# Statistical Formulas for Data Science

1. Introduction

It is important to set up hypotheses that the evaluation has statistical significance.

Statistical significance means:

• rected the null hypothesis
• results are not likely due to chance (sampling error)

The final result of the statistics should be:

• Desciriptive Statistics
• M – Mean
• Sd – Standard Deviation
• Inferential Statistics
• Hypothesis Test $\alpha$
• kind of test, bsp: one-sample t-test
• test statistic, bsp: t-value
• df – degrees of freedom
• p-value
• direction of test, bsp: one-tail-test or two-tail-test

• Confidence intervals
• Confidence leve, bsp: 95\%
• Lower Limit
• Upper Limit
• CI on what?

• Effect size measures
• $d$
• $r^2$

2. Statistical Formulas

2.1. Empirical Mean $\gamma = \frac{\sum{x}}{N}$

Properties (for independent random variables X and Y):

1. $Mean(X + Y) = Mean(X) + Mean(Y)$
2. $Mean(X \times Y) = Mean(X) \times Mean(Y)$

2.2. Variance $\sigma^2 = Var(X)$
$\sigma^2 = \frac{\sum{(x_i – \gamma)^2}}{N}$
$\sigma^2 = \frac{\sum{X_i^2}}{N} – \frac{(\sum{X_i})^2}{N^2}$
$\sigma^2 = \frac{\sum{(x_i – \gamma)^2}}{N})$

2.3. Standard Deviation $\sigma = \sqrt{Var(X)} \sigma = \sqrt{\frac{\sum{(X_i – \gamma)^2}}{N}}$

2.4. Standard Error Sd $= \frac{\sigma}{N}$

2.5. Z-Score Z-Score $= \frac{x – \bar{x}}{Sd}$

2.6. Standard Normal Distribution $\frac{1}{\sqrt{2 \cdot \pi \cdot \sigma^2}} \cdot e^{[-\frac{1}{2} \cdot \frac{(x-\gamma)^2}{\sigma^2}]}$

2.7. Confidence Interval CI $= 1.96 \cdot \sqrt{\frac{p(1 – p)}{N}}$

General Form:
Size of CI $= a \cdot \sqrt{\frac{\sigma^2}{N}}$
$\frac{\sum{X_i \pm a \cdot \sqrt{\frac{\sigma^2}{N}}}}{N}$

$\textbf{Note}$

1. $a = 1.96 for N \geq 30$
2. $a$ is the t-value computed for $(N – 1)$ degrees of freedom and confidence level $p$.

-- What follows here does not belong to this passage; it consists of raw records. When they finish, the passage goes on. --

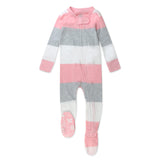 Go to slide 1, Organic Cotton Girls Pajamas For Babies & Toddlers, Jumbo Stripe Petal Pink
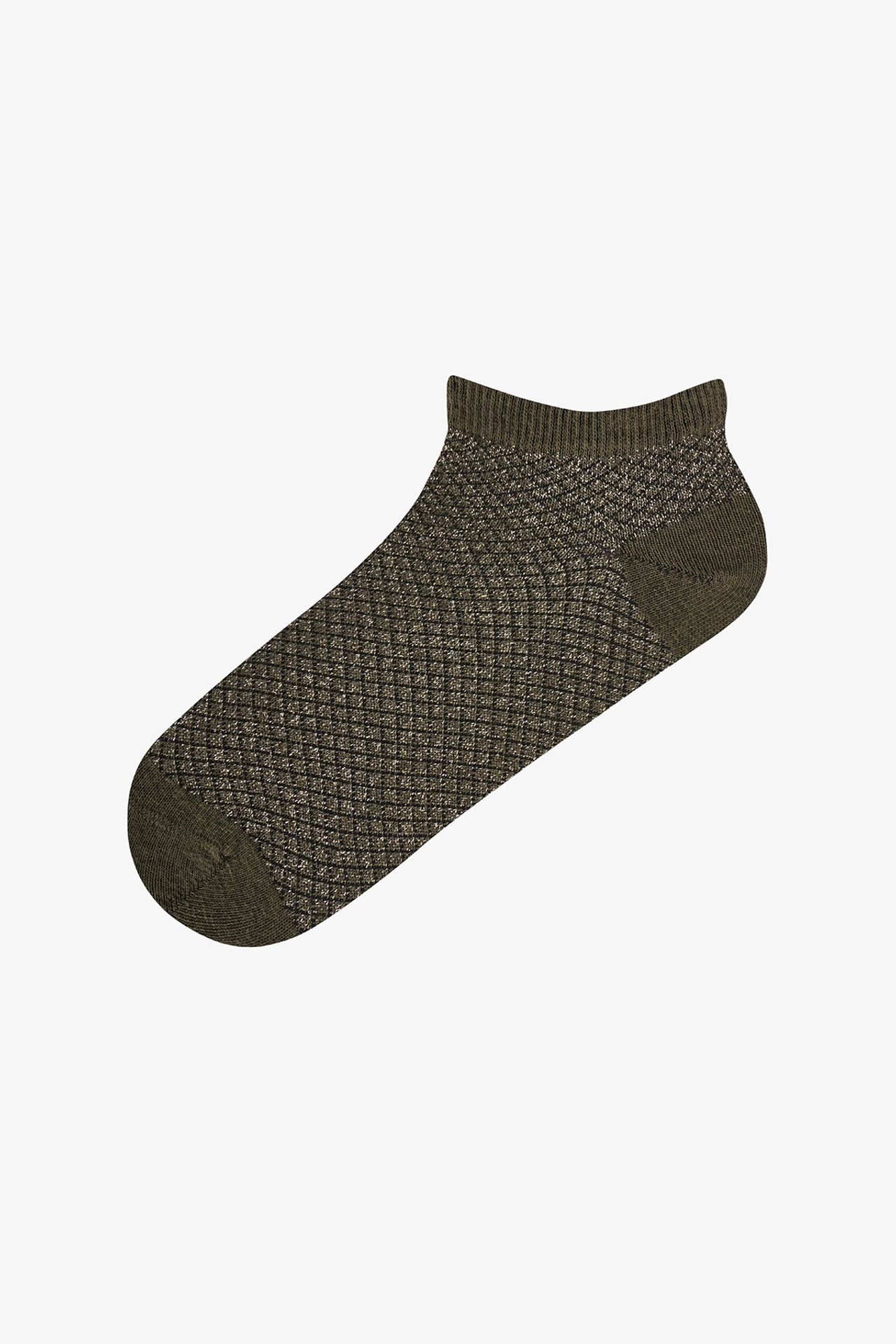 PENTI Pattern Cotton Glitter Pair Ankle Socks 2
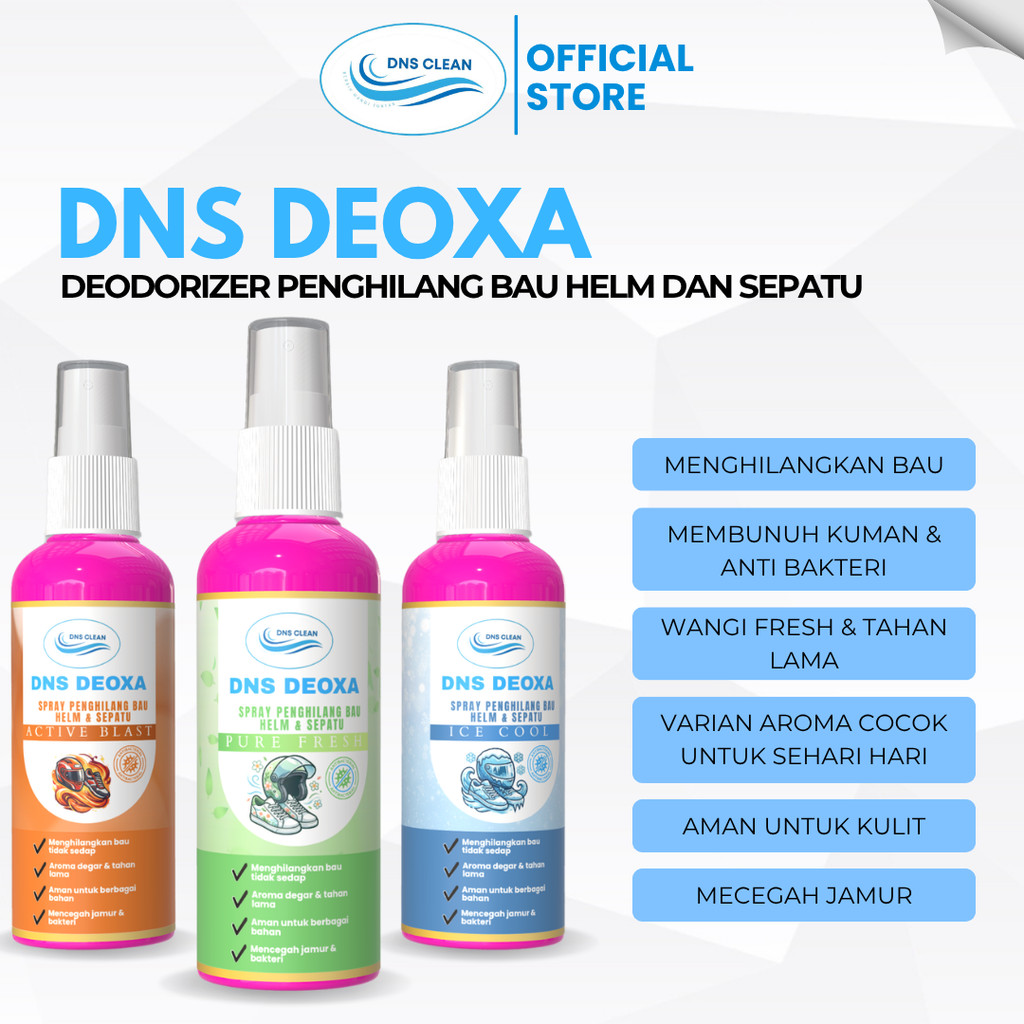 Dns Deoxa - Pewangi & Penghilang Bau Helm / Sepatu Deodorizer Anti Bau Tak Sedap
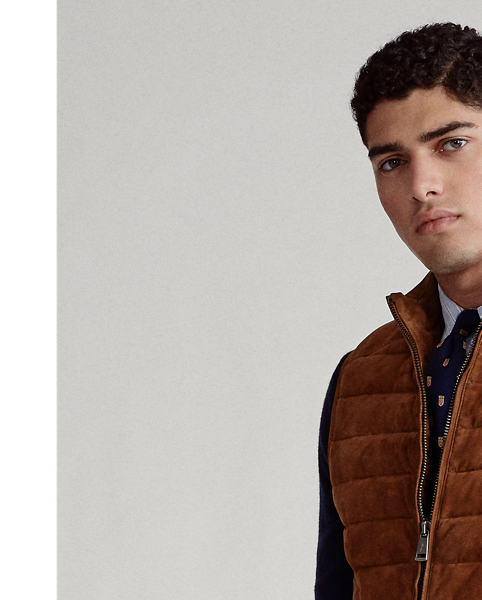 Quilted Suede Vest
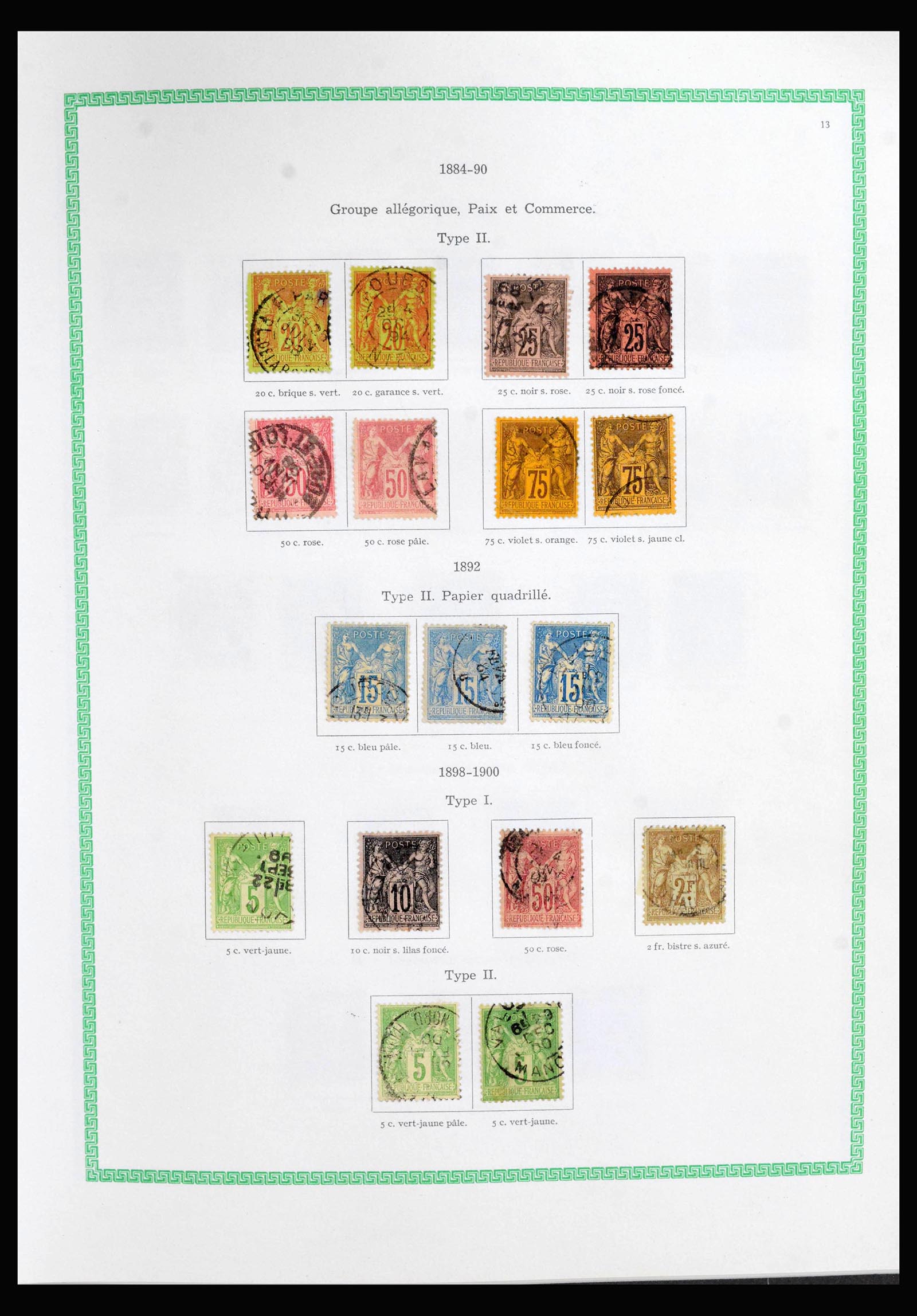 40049 0012 - Postzegelverzameling 40049 Frankrijk 1849-1971.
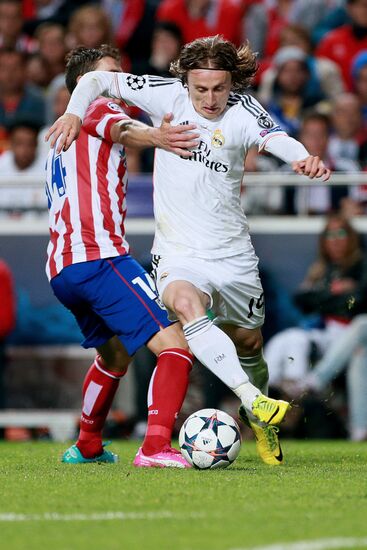 Football. Champions League. Final. Real Madrid vs. Atletico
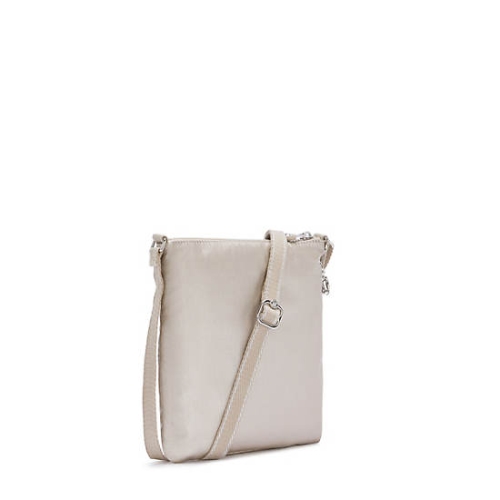 Beige Kipling Keiko Metallic Crossbody Mini Bags | AE621FZIL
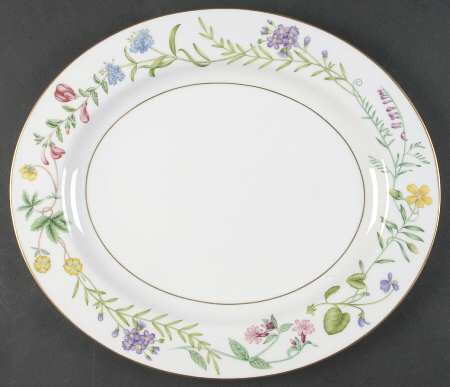 Arcadia 13" Oval Serving Platter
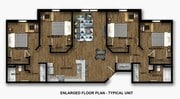 Explore this spacious apartment designed for family comfort and modern living.
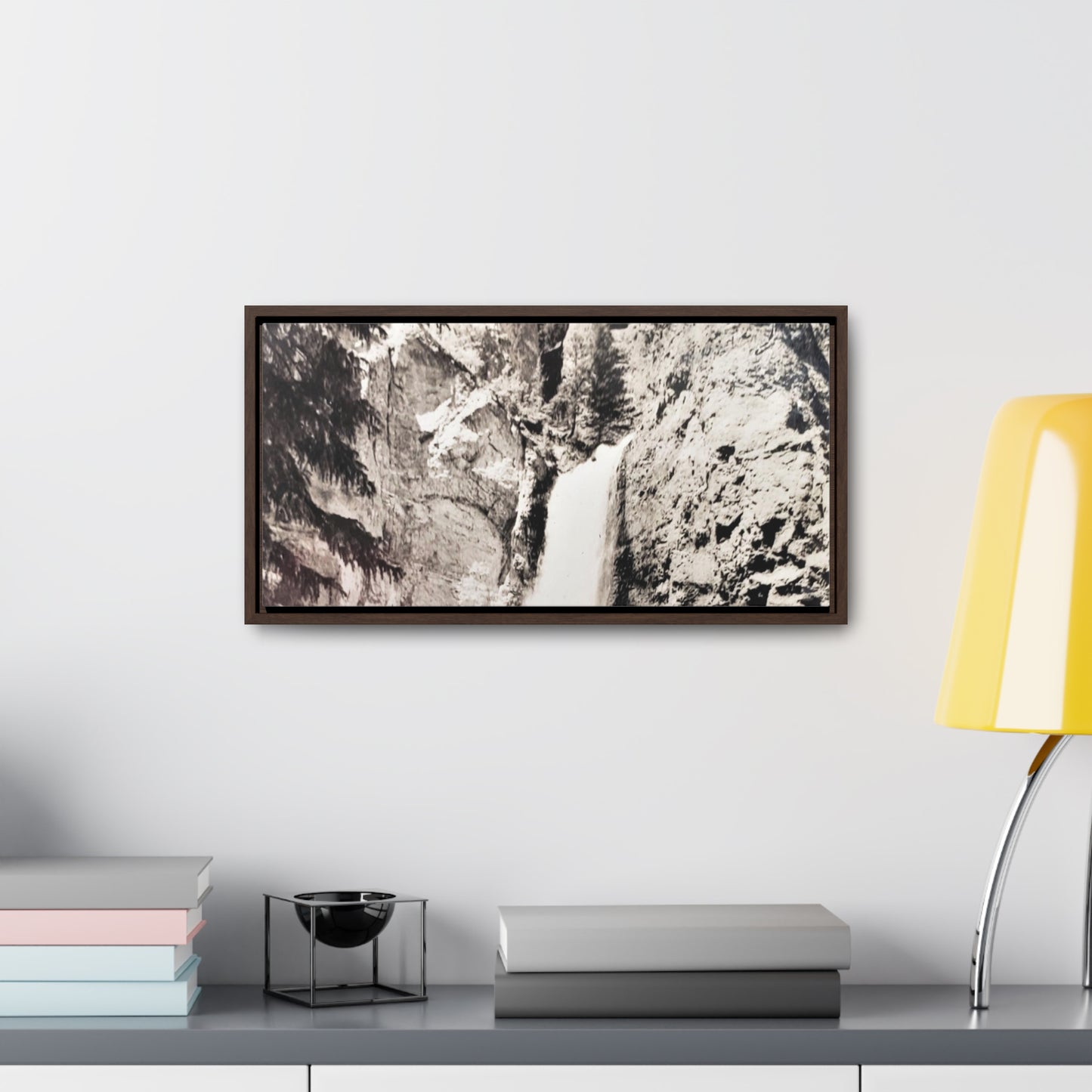 Tower Falls Yellowstone Gallery Canvas Wraps, Horizontal Frame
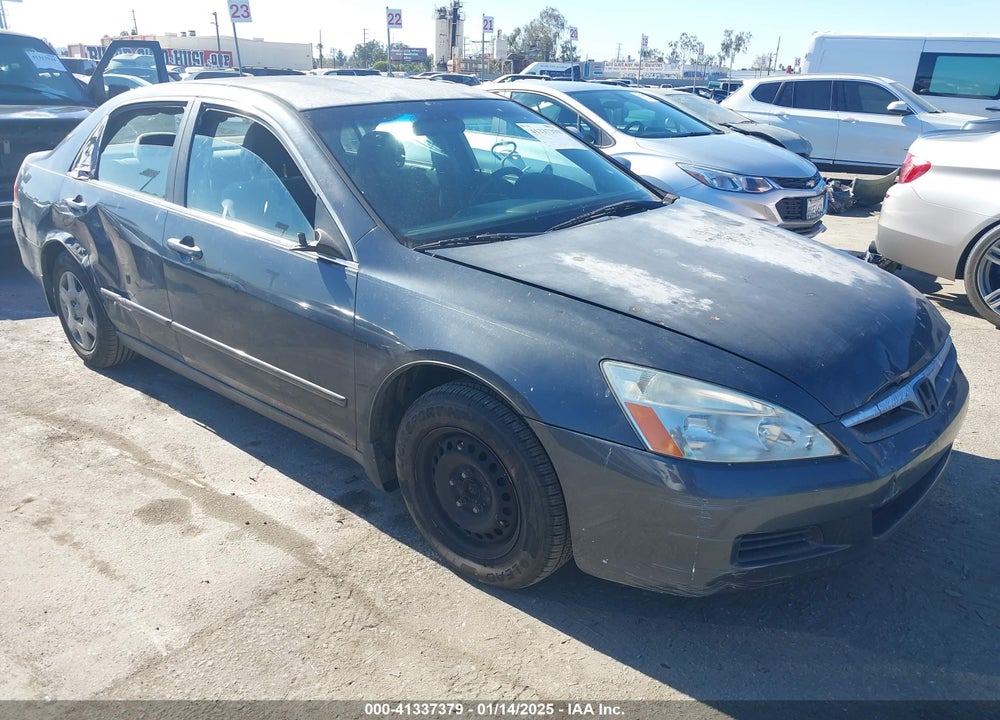 2007 HONDA ACCORD 2.4 LX VIN: 3HGCM56427G707665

2.8. T-Test $t = \frac{\bar{x_D} – 0}{s_D / \sqrt{n}}$

3. Lesson 10 – Dependent samples

Dependent samples (repeated measures)

• Two Conditions
• Longitudinal
• Pre-Test, Post-Test

3.1. Important formulas $X = [ARRAY of VALUES] \Rightarrow$ Population Data
$x = [ARRAY of VALUES] \Rightarrow$ Sample Data
$n \Rightarrow$ Sample  Size
$\mu = \frac{\sum{x_i}}{n}\Rightarrow$ Population Mean
$\bar{X} = \frac{\sum{X_i}}{n} \Rightarrow$ Sample Mean
$s_D = \sqrt{\frac{\sum{(X_i – \mu)^2}}{n}} \Rightarrow$ Standard Deviation for sample
$\alpha \Rightarrow$ tail probability on t-table
$t_{critical} \Rightarrow$ from t-table
$df = n – 1 \Rightarrow$ Degrees of Freedom
$SEM = \frac{s_D}{\sqrt{n}} \Rightarrow$ Standard Error of the Mean
$t = \frac{\bar{X} – \mu}{SEM} \Rightarrow$ One Sample t-Test
\margin of error $= (t^{critical} \times SEM)$
$CI = \bar{X} \pm$ margin of error $\Rightarrow$ Confidence Interval
$d = \frac{\bar{X}-\mu}{s_D} \Rightarrow$ Cohen’s d $\Rightarrow$ Standardized mean difference
$r^2 = \frac{t^2}{t^2 + df} \Rightarrow$ determines the strength of the relationship between two variables as a proportion. Example:

$r^2$ gives  how much a person’s gender contributed to the difference between the two samples

3.2. Hypothesis Testing “US families spent an average of \\$151 per week on food”
Null Hypothese: “the program did not change the cost of food”
Alternative Hypothese: “the program reduced the cost of food”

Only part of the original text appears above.